On Bill and Steve Ballmer conspiring to steal Allen's stake in the company while he was ill with cancer.
One evening in late December 1982, I heard Bill and Steve speaking heatedly in Bill’s office and paused outside to listen in. It was easy to get the gist of the conversation. They were bemoaning my recent lack of production and discussing how they might dilute my Microsoft equity by issuing options to themselves and other shareholders. It was clear that they’d been thinking about this for some time.

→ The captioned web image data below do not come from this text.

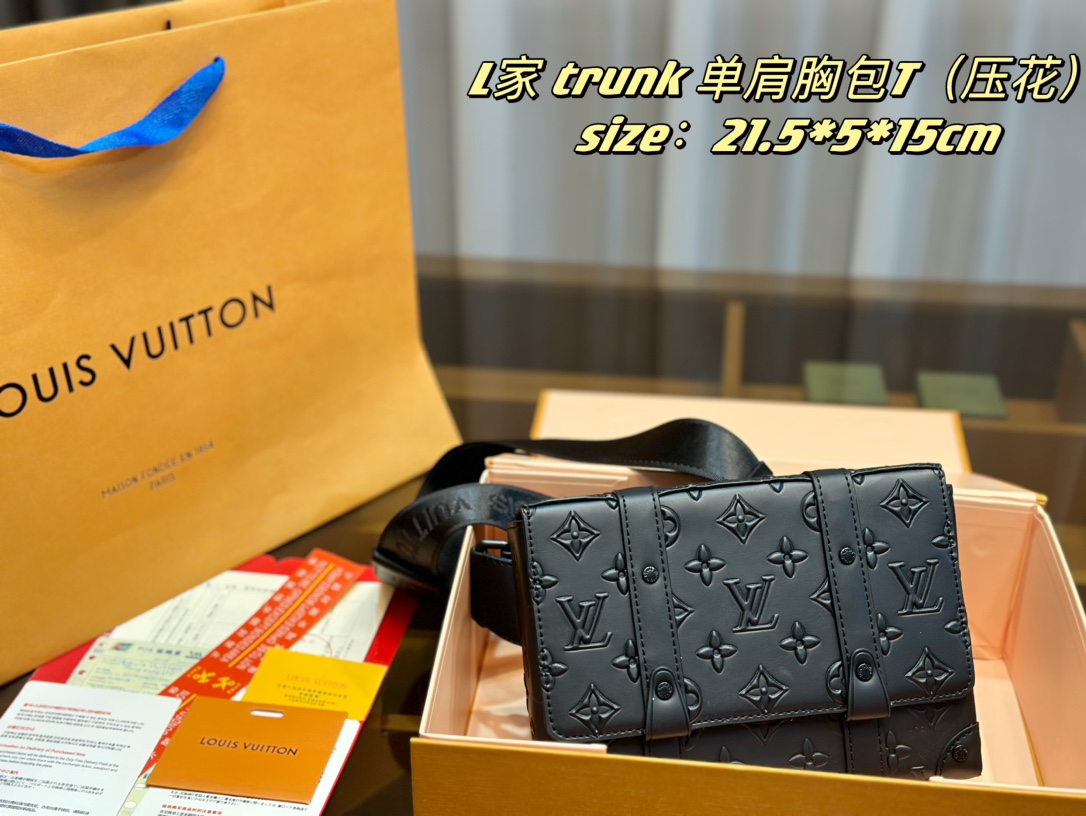 L*V Trunk Bag Black 21.5x5x15cm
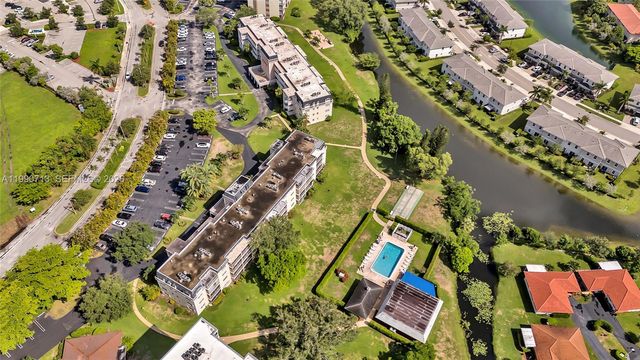 3535 Broken Woods Dr 302, Coral Springs, FL 33065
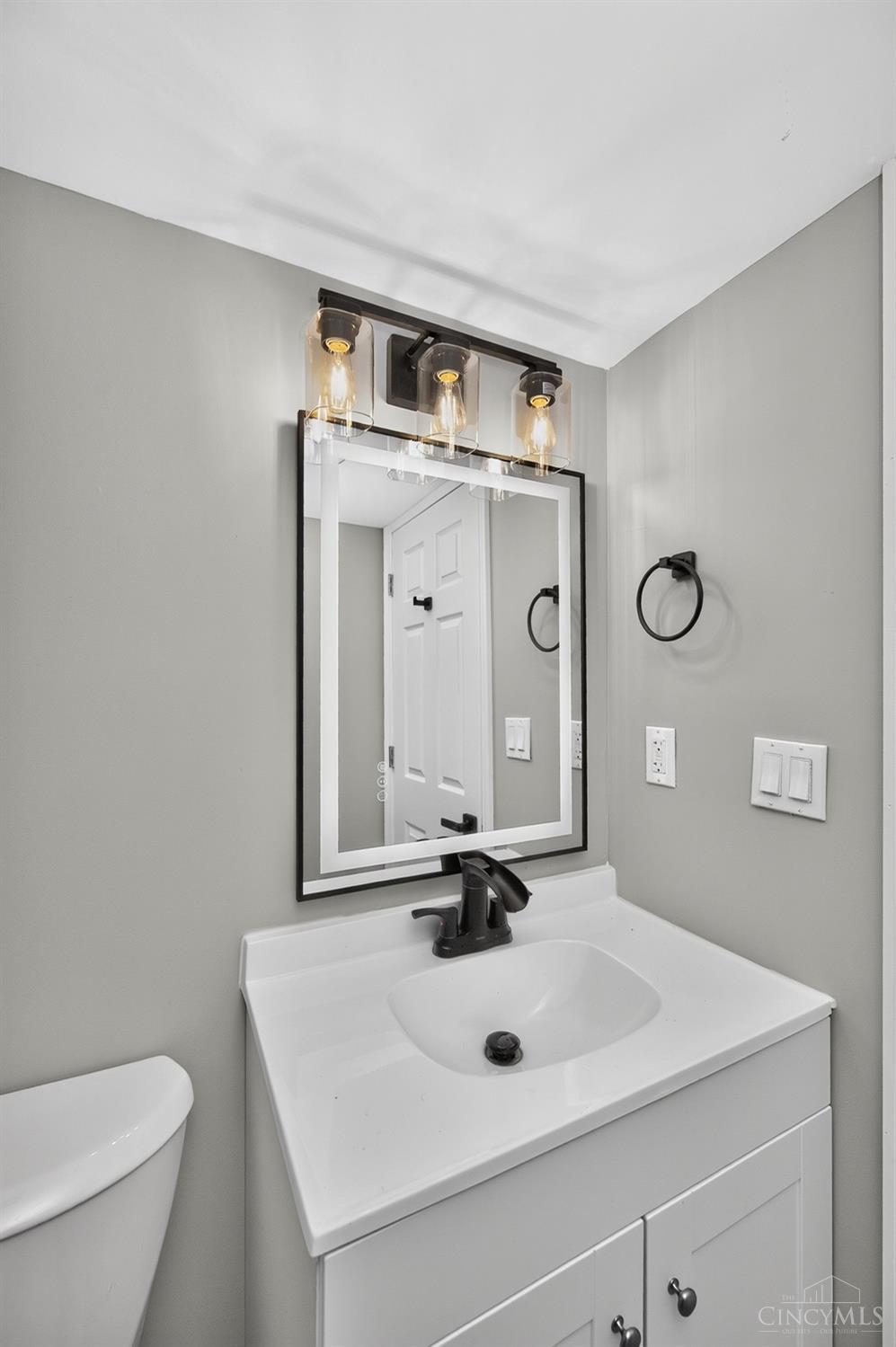 5801 Patrick Henry Drive, Miami Twp, OH, 45150 — photo 47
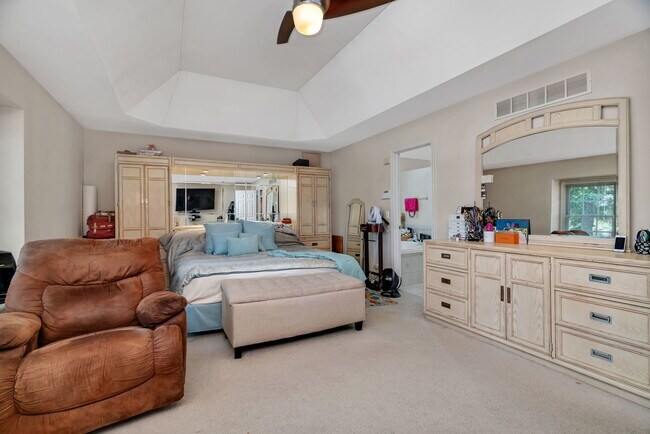 Building Photo - 745 Feather Sound Dr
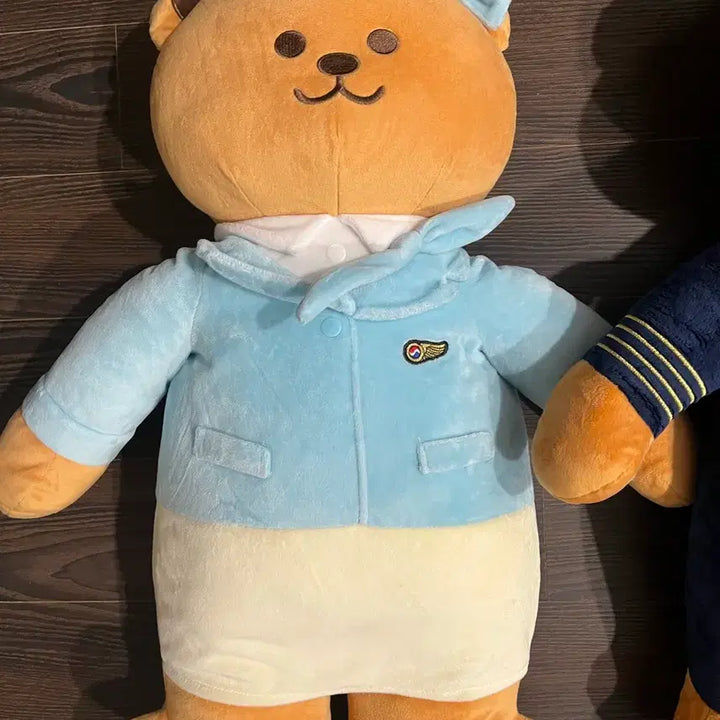 [BUNJANG] Korean Air x WiggleWiggle Flight Attendant &amp; Pilot Bear Set / 대한항공 x 위글위글 콜라보 승무원 파일럿 곰돌이 세트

Unable to stand it any longer, I burst in on them and shouted, “This is unbelievable! It shows your true character, once and for all.” I was speaking to both of them, but staring straight at Bill. Caught red-handed, they were struck dumb. Before they could respond, I turned on my heel and left.

I replayed their dialogue in my mind while driving home, and it felt more and more heinous to me. I helped start the company and was still an active member of management, though limited by my illness, and now my partner and my colleague were scheming to rip me off. It was mercenary opportunism, plain and simple. That evening, a chastened Steve Ballmer called my house and asked my sister Jody if he could come over. “Look, Paul,” he said after we sat down together, “I’m really sorry about what happened today. We were just letting off steam. We’re trying to get so much stuff done, and we just wish you could contribute even more. But that stock thing isn’t fair. I wouldn’t have anything to do with it, and I’m sure Bill wouldn’t, either.”

I told Steve that the incident had left a bad taste in my mouth. A few days later, I received a six-page, handwritten letter from Bill. Dated December 31, 1982, the last day of our last full year together at Microsoft, it contained an apology for the conversation I’d overheard. And it offered a revealing, Bill’s-eye view of our partnership: “During the last 14 years we have had numerous disagreements. However, I doubt any two partners have ever agreed on as much both in terms of specific decisions and their general idea of how to view things.”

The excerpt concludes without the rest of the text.